Under the scheme, participating banks will receive protection for a proportion of their balance sheets so that the healthier core of their commercial business can continue to lend to creditworthy businesses and households.
In exchange for protection, the bank will have to pay a participation fee and sign a legally binding agreement to lend to homeowners and businesses.
A first loss will remain with banks that sign up to the deal while the Government will protect 90 per cent of the remaining loss. The balance of the remaining loss will remain with the institutions as an additional incentive to manage the assets prudently.
RBS’ first loss is around £19.5bn, while £325bn of the firm’s assets will be protected under the scheme.

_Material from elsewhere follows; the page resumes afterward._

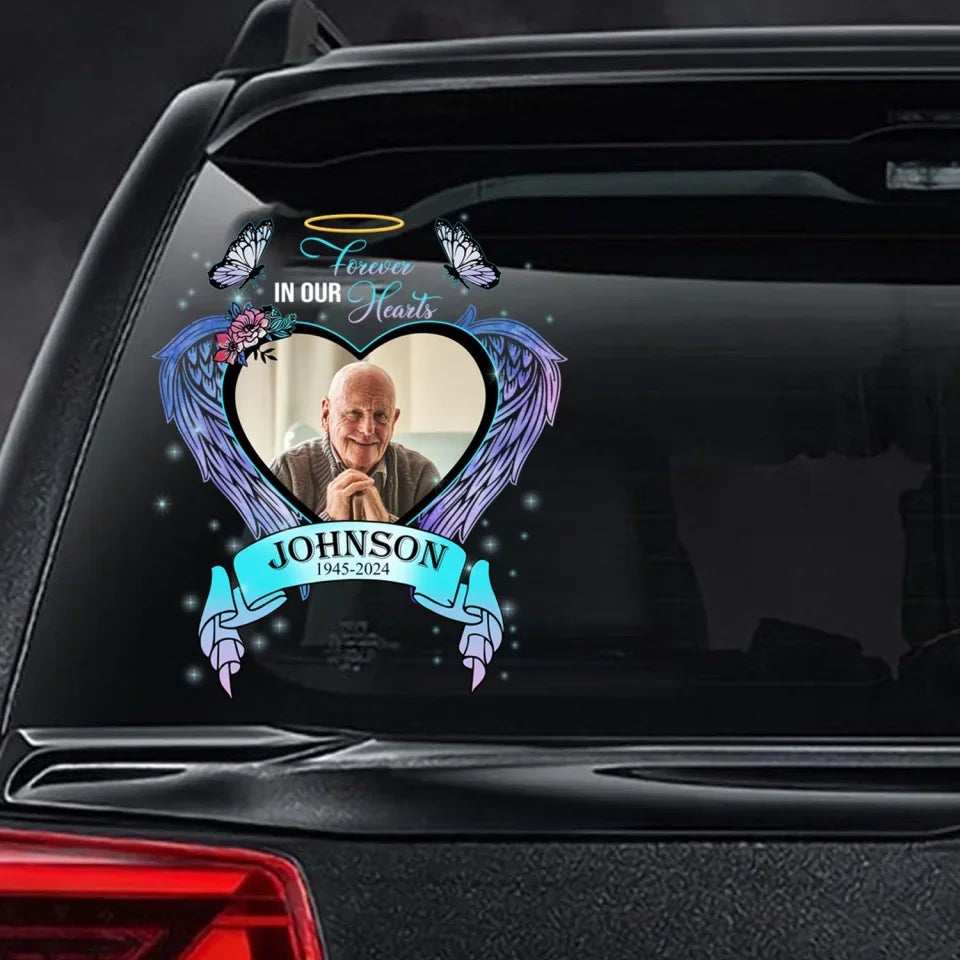 Forever In Our Heart - Personalized Decal, Memorial Gift, In Loving Memory Gift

RBS has paid a participation fee of £6.5bn to the Treasury and has committed to lending £25bn over 2009, of which £9bn will go towards mortgages and £16bn will be lent to businesses.
The Treasury has also announced it will make a capital injection of £13bn into RBS and has committed to subscribe for an additional £6bn at RBS’ option.

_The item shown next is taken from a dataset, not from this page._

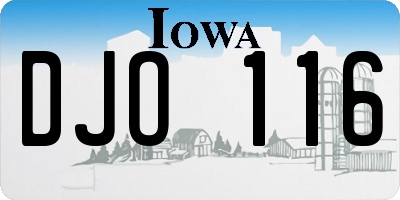 IA license plate DJO116
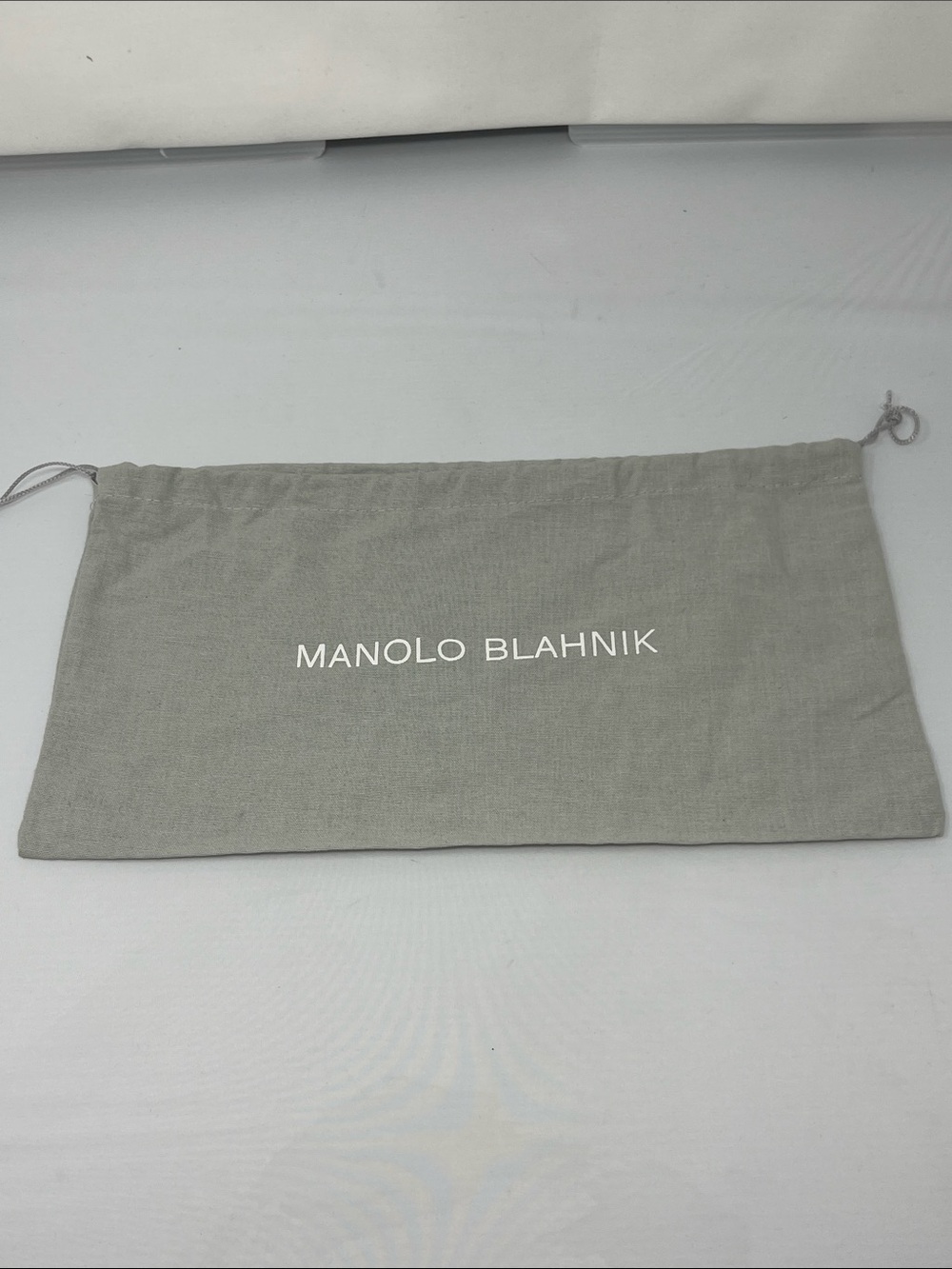 Manolo Blahnik Light Gray Branded Drawstring Dust Bag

Participating banks will also have to develop a sustainable long-term remuneration policy, consistent with the FSA’s code of practice published in draft today, and meet the highest international standards of transparency.
Chancellor Alastair Darling is set to write to the G20 finance ministers proposing a list of key objectives and principles that all countries should follow when designing impaired asset support schemes.